Pictures aside, reproduce exactly each line from the one holding "宝马5系 2020款 525Li M运动套装车身外观4" through the last line of the material, both ends included.

** TASK DATA **
· · · · · · ·

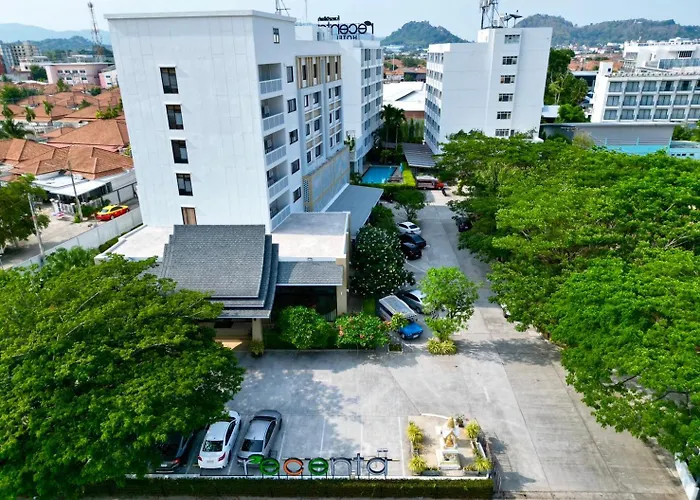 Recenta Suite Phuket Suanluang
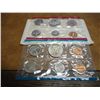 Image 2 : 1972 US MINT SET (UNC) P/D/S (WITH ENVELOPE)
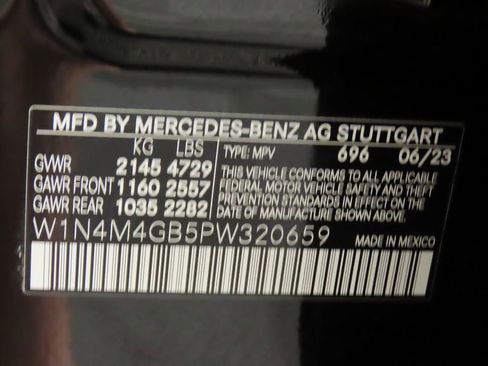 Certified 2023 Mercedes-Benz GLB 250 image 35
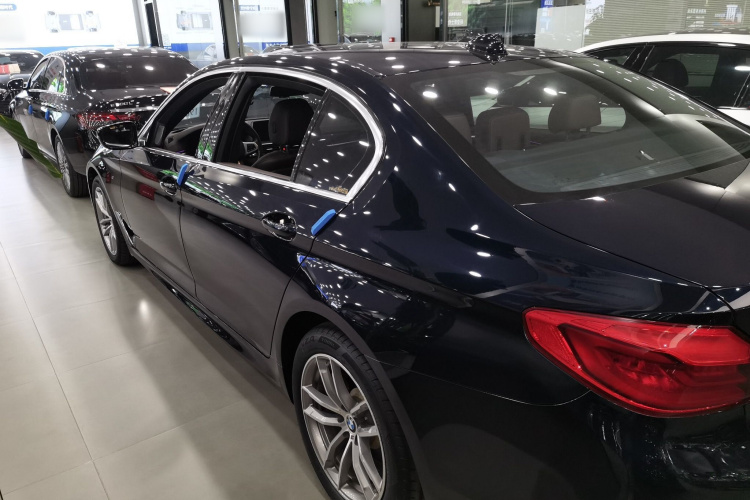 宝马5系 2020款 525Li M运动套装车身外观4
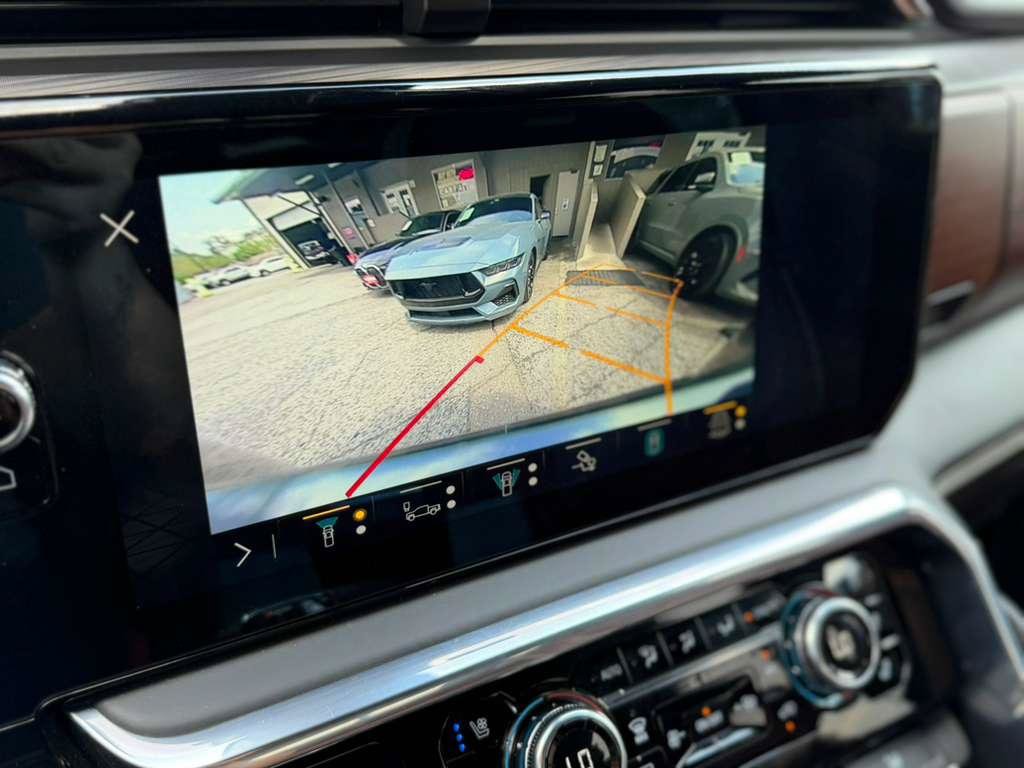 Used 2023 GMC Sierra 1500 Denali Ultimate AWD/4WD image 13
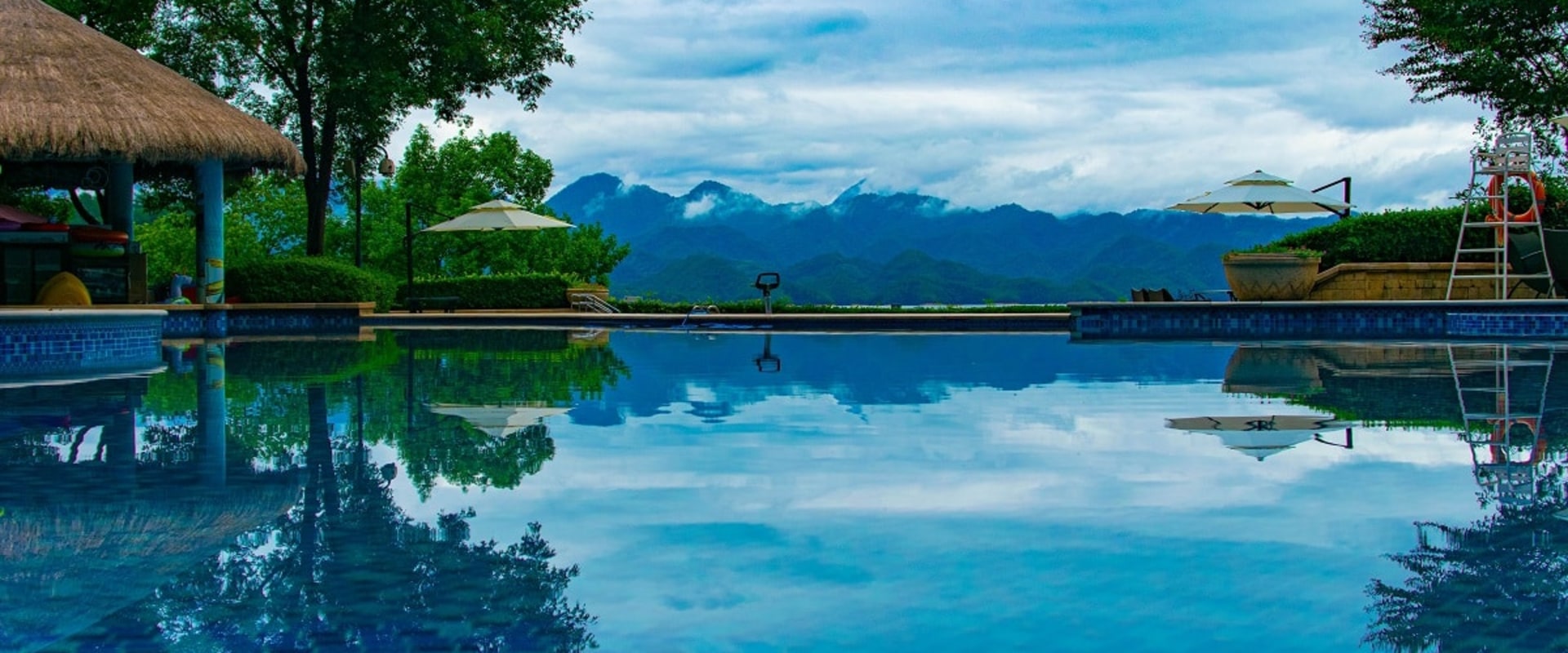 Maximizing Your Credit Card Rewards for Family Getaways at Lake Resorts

· · · · · · ·

** ANSWER SECTION **
 宝马5系 2020款 525Li M运动套装车身外观4
 Used 2023 GMC Sierra 1500 Denali Ultimate AWD/4WD image 13
 Maximizing Your Credit Card Rewards for Family Getaways at Lake Resorts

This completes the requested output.